William,
many thought-provoking points - but i'll pick up just one that i think
goes back to my original question: if surveillance is ultimately a kind
of enterprise that is destined to fail, i wonder why that is? certainly,
there can be an objective technical aspect, i.e. a kind of surveillance
that would include all the necesarry data would be too complex to govern
and use, however, in this case one can work harder and invest more
resources into new technology. on the other hand, and i wonder what you
would think of that, surveillance will have failed because it does not
clearly know what it is that it is after: even if all of one's daily
movements are captured on camera and one's talks are recorded, what is
then that would make us know and understand a surveilled subject? if one
can provisionally distinguish between fact-oriented surveillance that is
targeting, say, terrorists or any other type of group that plans actions,
and thought-oriented surveillance that, as in the former USSR, targets
deviation or subversion, then still we have a problem of interpretation of
the surveillant data - in case of Lives of Others we have a Stasi operative
who has to decipher hours and hours of data and determine if anything "bad"
takes place...
another angle, if you allow me, even in Lives of Others we have a visual
translation of what Stasi officer only hears, i.e. for the sake of a film,
his listening is visualised and we see actual scenes that he can only hear -
and even though he does ocassionally sneek into the apartment and we might
say he imagines things accurately, imagining and seeing isnt' the same. so
in this sense, it is not our infantile-narcissistic desire (vis-a-vis Henry M.)
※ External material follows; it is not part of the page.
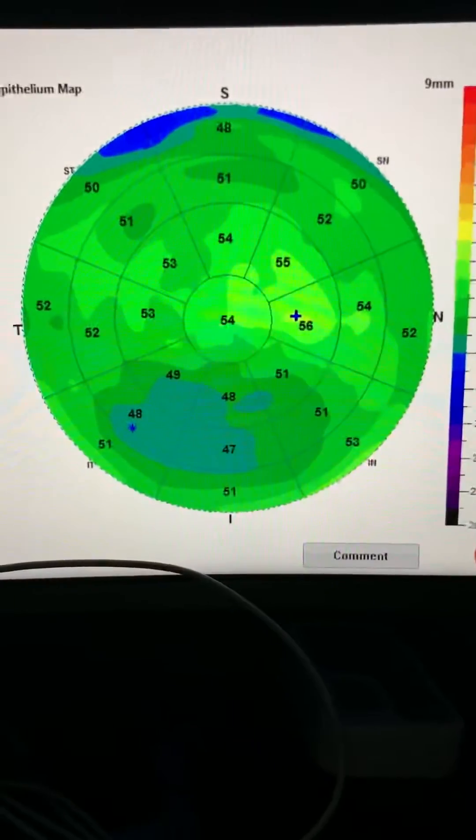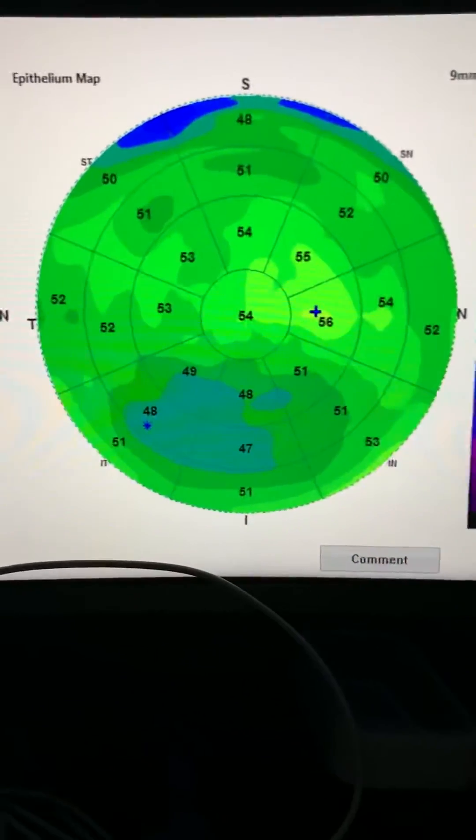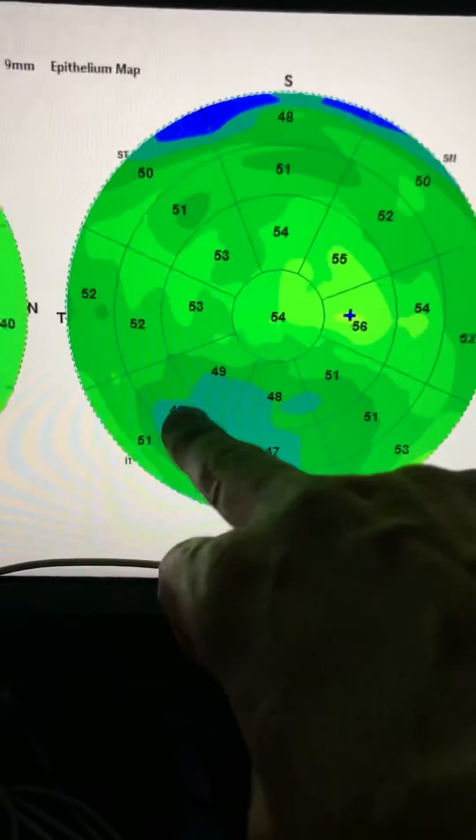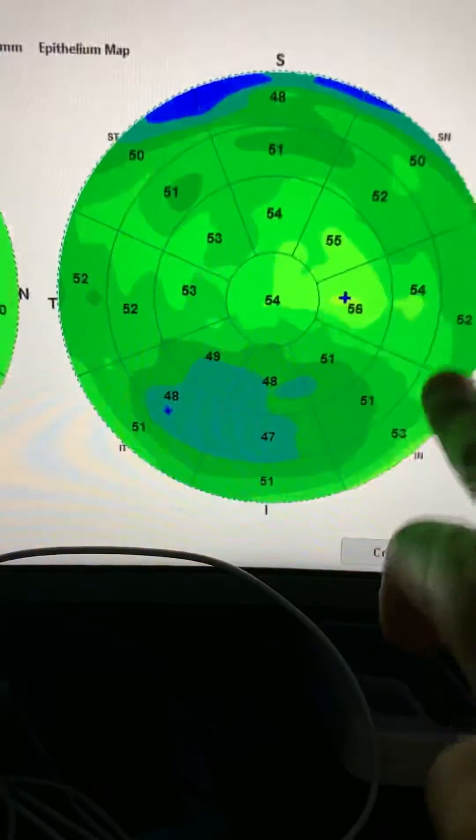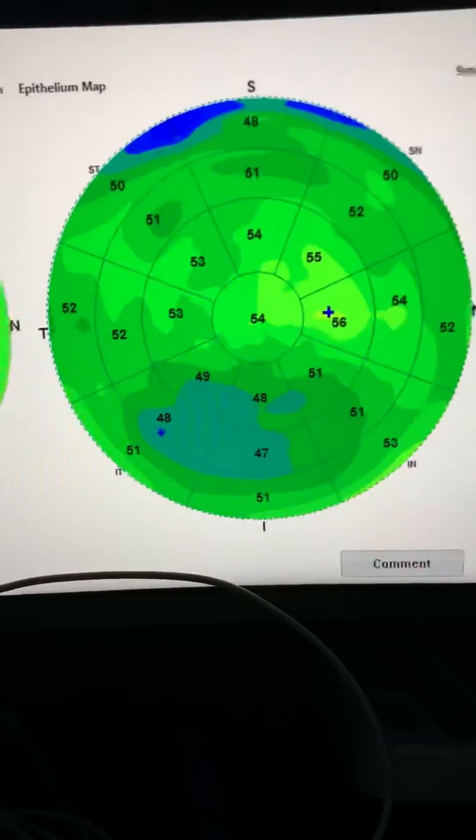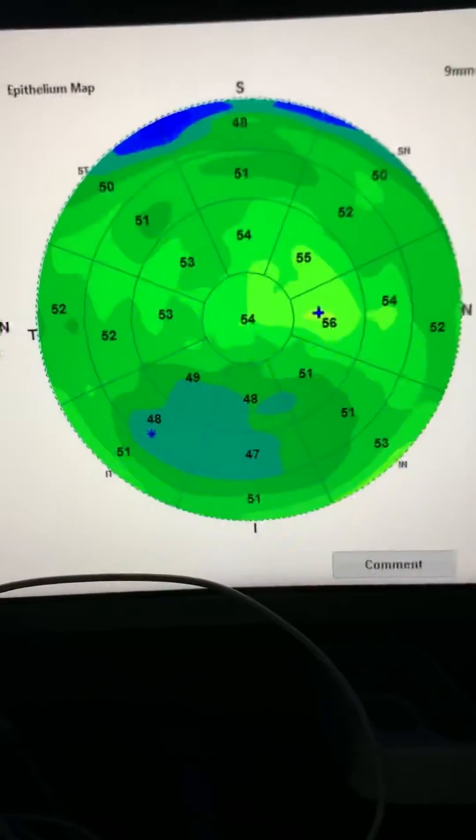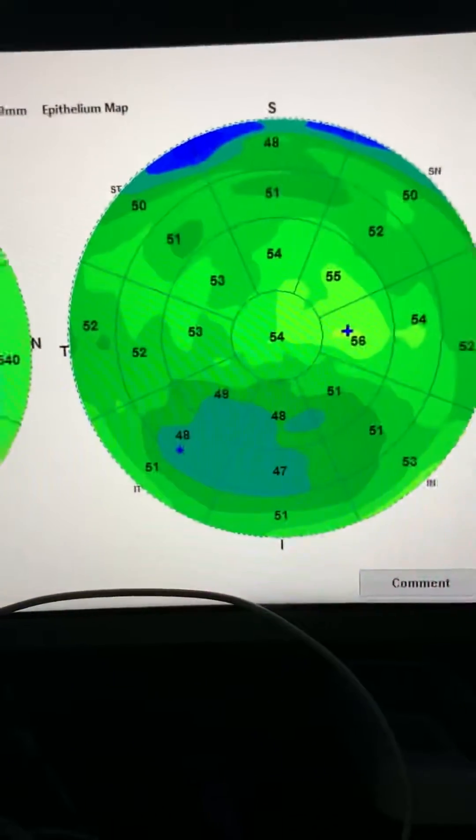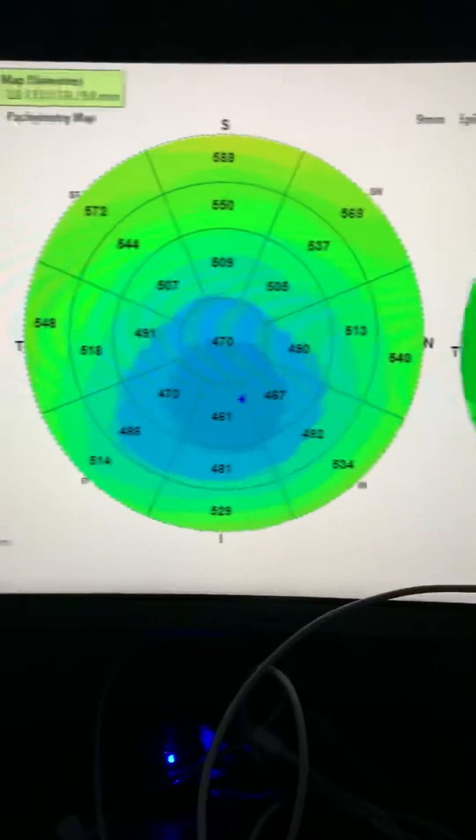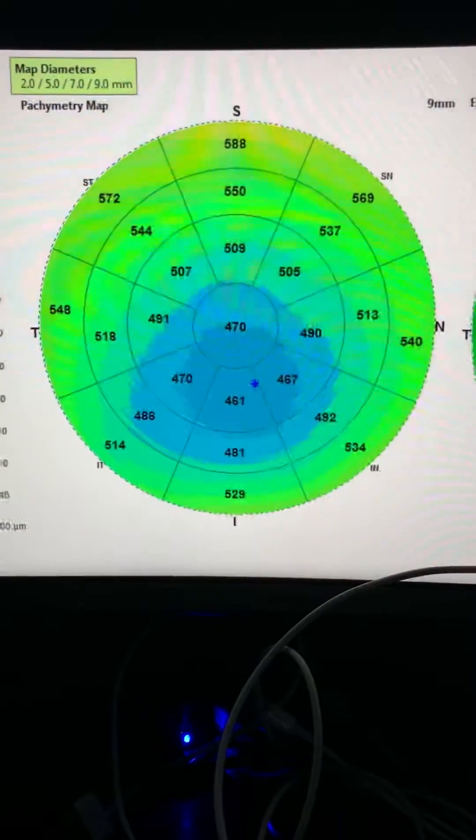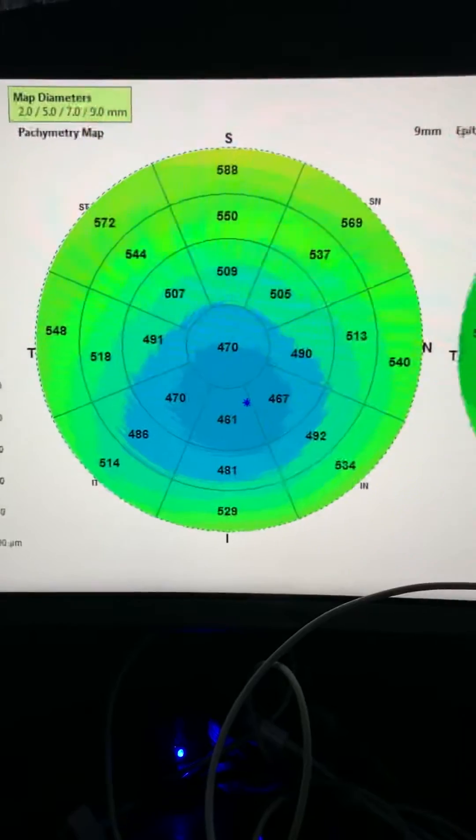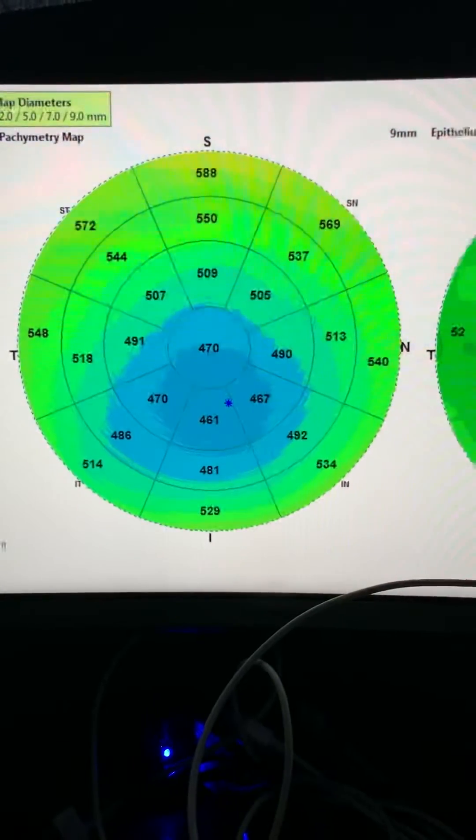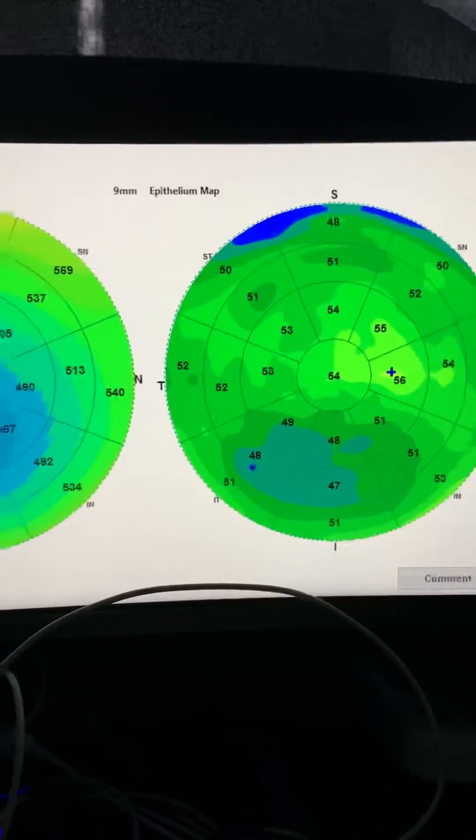And these are the epithelial maps from the right eye. The fact that the cone, the area of the cone has thinned, and the epithelium has thickened around it, tells us that there's active progression of keratoconus. And we will seek, by employing the Athens Protocol, to halt the progression of this awful disease for this young patient, and obviously have him avoid a cornea transplant.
that requires us to see as if we were omnipresent, it is our awareness of the
ultimate uselessness of surveillance that makes us enjoy representations of
omnipresent eye of the camera - i wonder if here this surveillant enjoyment is
close to, if not the same as, voyerist enjoyment: it is not in the learning
everything about another person, but about watching another person live his/her
life (Lives of Others), a kind of a glimpse of ultimately purposeless habitual
behavior that surveillance allows to collect but before a surveillance person
or a machine select that which is meaningful.
evgeni
PS. is people-watching a kind of voyerism? is film-watching a kind of surveillance of
lives of (even if fictional) others?